# Suggest a new camera



## rohitshubham (Oct 21, 2015)

hi,
I wanted to purchase a new point and shoot camera in the current festive season. The budget hovers around 13-14k(+/- 1K) .
After a quick surfing, i have shortlisted Nikon coolpix P530 and Canon sx410. I need a decent all round camera for general purposes.
kindly suggest new models if available.


----------



## nac (Oct 22, 2015)

P530 is a good one, go for it.


----------



## rohitshubham (Oct 25, 2015)

^ Thanks i think i am gonna go for .. BTW if i overstretch my budget and buy a DSLR, is it worth it?

- - - Updated - - -

maybe something in the range of 25k


----------



## raja manuel (Oct 25, 2015)

A DSLR shouldn't be considered as just a camera, but as a component of an ecosystem. If you are not willing to invest in this ecosystem, consisting of lenses, flashes, tripods, etc. etc. then a DSLR is not a good choice. Add to this that DSLRs are bulky, heavy, and clumsy, and their photos are rarely impressive out of camera and need a lot of time and energy in post-processing. And they can't be just put into a cupboard and used occasionally because the suffer from dust getting on the sensor, fungus on the lens, etc. It is best to invest in a DSLR once you are sure that photography will be a lifetime commitment for you.


----------



## satinder (Oct 26, 2015)

rohitshubham said:


> ^ Thanks i think i am gonna go for .. BTW if i overstretch my budget and buy a DSLR, is it worth it?
> 
> - - - Updated - - -
> 
> maybe something in the range of 25k


It is worth it if you are a dedicated enthusiast for photography.
It needs care with maintenace & effort.
It is more sturdy than point n shoot ones.
Nikon D5200 may be the best choice for you in 27k budget online with single kit lens.
You can shoot in auto mode till the time you get familiar with its controls.


----------



## rohitshubham (Oct 26, 2015)

satinder said:


> It is worth it if you are a dedicated enthusiast for photography.
> It needs care with maintenace & effort.
> It is more sturdy than point n shoot ones.
> Nikon D5200 may be the best choice for you in 27k budget online with single kit lens.
> You can shoot in auto mode till the time you get familiar with its controls.

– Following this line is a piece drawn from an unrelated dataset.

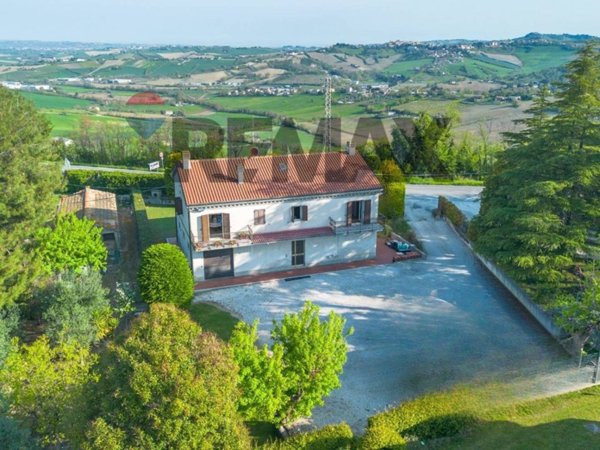 appartamento in vendita a Polverigi in zona Rustico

It's not for me but for my parents. They usually take pics when there is family gathering or outings. So, i guess a simple point and shoot is enough.


----------



## satinder (Oct 27, 2015)

rohitshubham said:


> It's not for me but for my parents. They usually take pics when there is family gathering or outings. So, i guess a simple point and shoot is enough.


Then go for Nikon 530.
No need to think more as it will be used rarely.


----------



## sujoyp (Oct 27, 2015)

i would suggest going for Advance P&S like canon S110 or sony RX100 ...they are best for parents with awesome pic quality and ease of use
I have given S90 to my parents and it takes very nice pics and very simple to use.


----------



## rohitshubham (Oct 29, 2015)

sujoyp said:


> i would suggest going for Advance P&S like canon S110 or sony RX100 ...they are best for parents with awesome pic quality and ease of use
> I have given S90 to my parents and it takes very nice pics and very simple to use.

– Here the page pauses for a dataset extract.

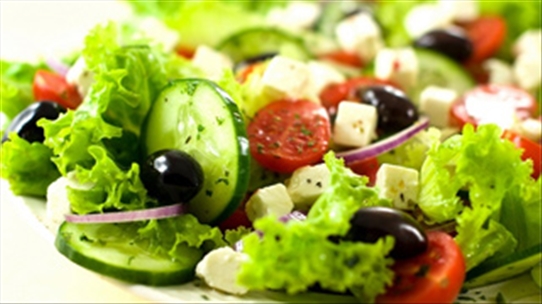 Ăn salad rau diếp xoăn vào bữa trưa giúp ngừa bệnh mất trí - Bạn đã biết chưa?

Thanks mate but they want something similar to DSLR.

- - - Updated - - -



satinder said:


> Then go for Nikon 530.
> No need to think more as it will be used rarely.

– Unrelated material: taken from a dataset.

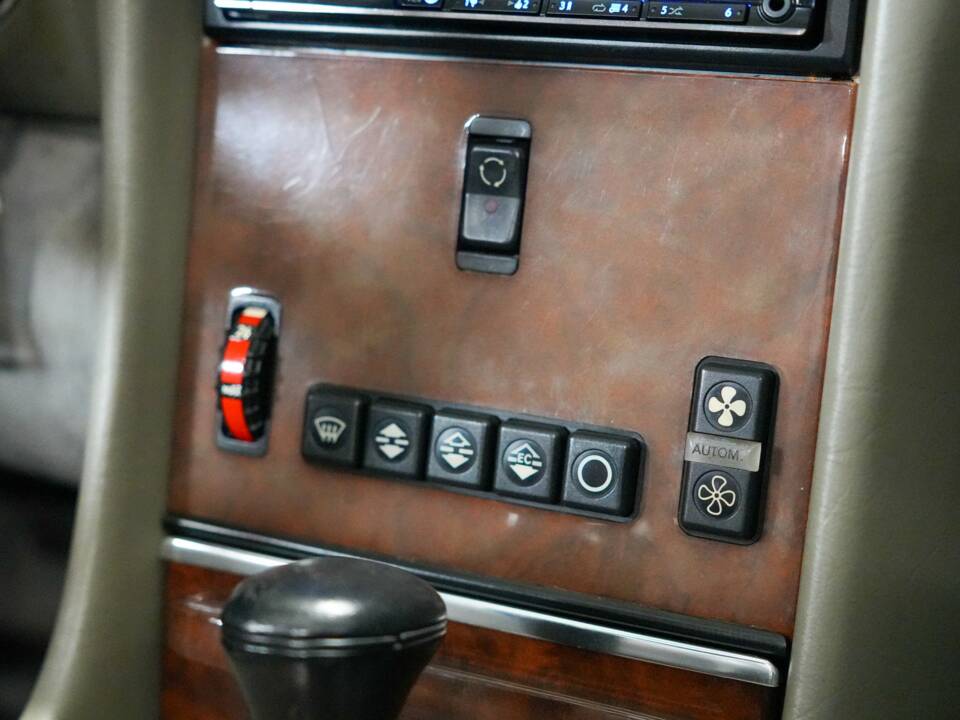 Afbeelding 15/24 van Mercedes-Benz 560 SL (1988)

Yup, since i am gonna buy locally, i will go for cheaper option between 530 and SX410.


----------



## sujoyp (Oct 29, 2015)

what you are selecting is no where near DSLR ..they are just big P&S cams ....Canon S110 and Sony RX100 can beat them easily in picture quality and ease of use and carry


----------



## rohitshubham (Oct 30, 2015)

sujoyp said:


> what you are selecting is no where near DSLR ..they are just big P&S cams ....Canon S110 and Sony RX100 can beat them easily in picture quality and ease of use and carry


I know that but they are fixed on a product which is similar to DSLR. Atleast look wise.


----------



## sujoyp (Oct 30, 2015)

as you wish


----------



## satinder (Nov 1, 2015)

rohitshubham said:


> I know that but they are fixed on a product which is similar to DSLR. Atleast look wise.


Croma is giving good discounts both online and offline these days.
Check it is 12k+ approx online croma store as Diwali Sale for Nikon 530.

Nikon Coolpix P530 16.1 MP Digital Camera Black
Rs.12K only as price shown today.


----------



## Hareesh Kumar (Feb 19, 2016)

I want more detail.


----------